I have found this set of rules to be fast flowing and easy to pick up and play but hard to master tactically. The game writers have concentrated on developing a game that encourages the use of real tactics through the end results. A example of this would be sending your tank over a hill by itself then wondering why it went boom. Instead, you position a unit or two to keep the area under surveillance as the tank rolls forwards. Then as that nasty milan blows the tank up, your unit who is watching opens up on the Milan, blowing it away with its reaction to the fire. This is a great idea. Instead of having a traditional overwatch you can react to threats and situations as they happen but the rules limit this through a simple but clever mechanism. I have not come across a situation were the rules force you to do something unrealastic, like letting the enemy squad walk past your hidden machine gun because it’s not your turn to act.

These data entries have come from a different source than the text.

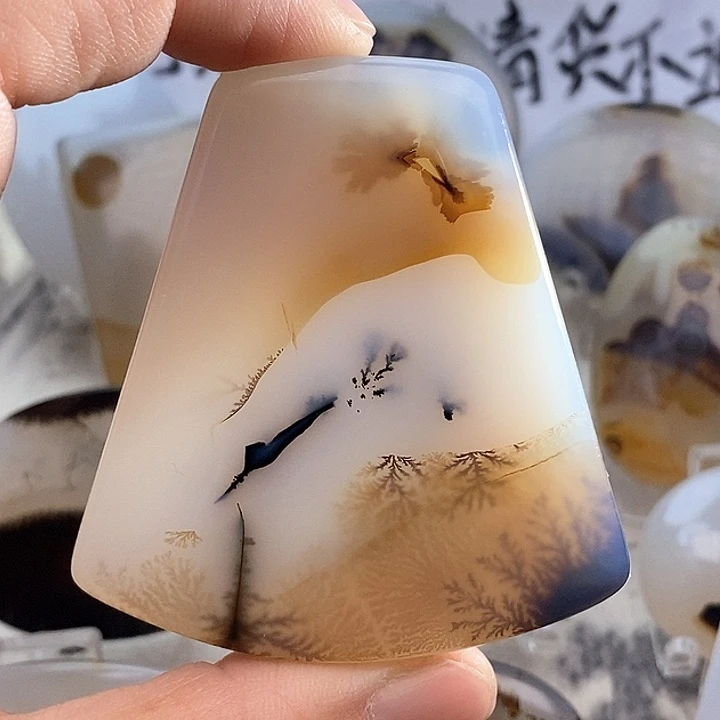 玛瑙/玉髓颈饰未镶嵌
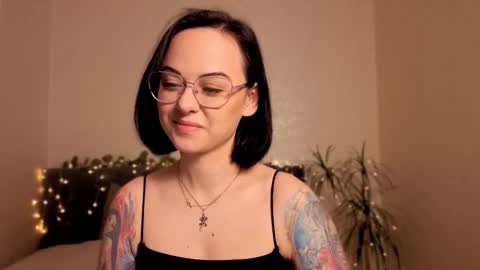 Snapshot of miraskyy chatting on 11.29.25 MiraSkyy online show from 11.29.25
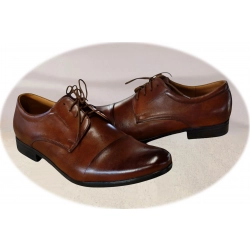 Ponadczasowe Skórzane półbuty brązowe tęg G nr.40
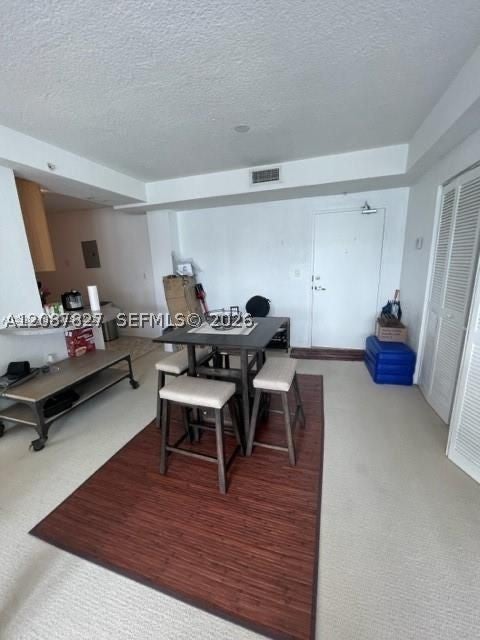 7501 E Treasure Dr 9R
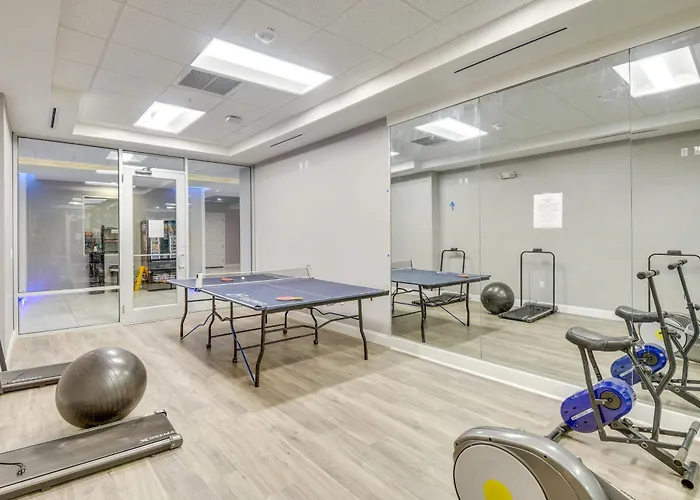Partial Ocean Views: Daytona Beach Studio!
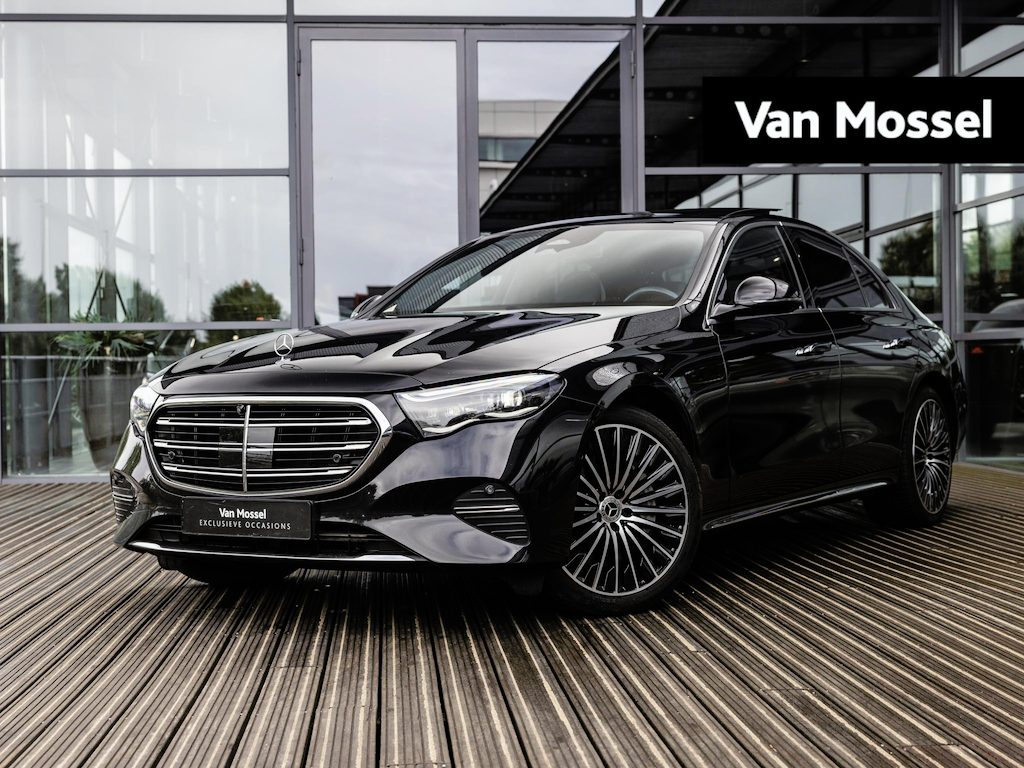 Mercedes-Benz E-klasse 400 e 4MATIC Exclusive Line | PANORAMADAK | SOFT CLOSE | AIR BODY CONTROL | ACHTERAS BESTURING | MBUX SUPERSCREEN | BURMESTER | 20 INCH MULTISPAAK | MEMORY | WINTERPAKKET | LEDER PAKKET | NL AUTO | 1E EIGENAAR |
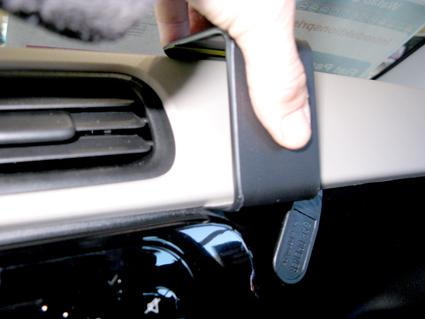 Monteringsbygel för Fiat Panda, placeras vid luftutloppet.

Tanks are not some super vehicle that will win you the game; they have a restricted vision so as in my previous example, you need to support them. To truly master the game you need to operate your forces as a unit supporting and backing up one another. The infantry follow the same principles as the vehicles but with a simple difference in tactics to makes them act realistically. However, I think it is debatable as to whether they move slightly too fast or not.
These rules work best in a scenario game where you have a objective. Due to the scope of the rules, the objectives can be as diverse as having to lay a bridge over the river with your bridge layer, capturing a fortified position with realistic artillery support or ‘simply’ reconning a enemy position. If you can think of it, the rules probably have a simple but in-depth mechanic for it.
So overall, I would recommend these rules to anyone who wants a set of rules they can use to cover WW2 to modern. You can play the tactics of real warfare without worrying about playing the rule mechanics.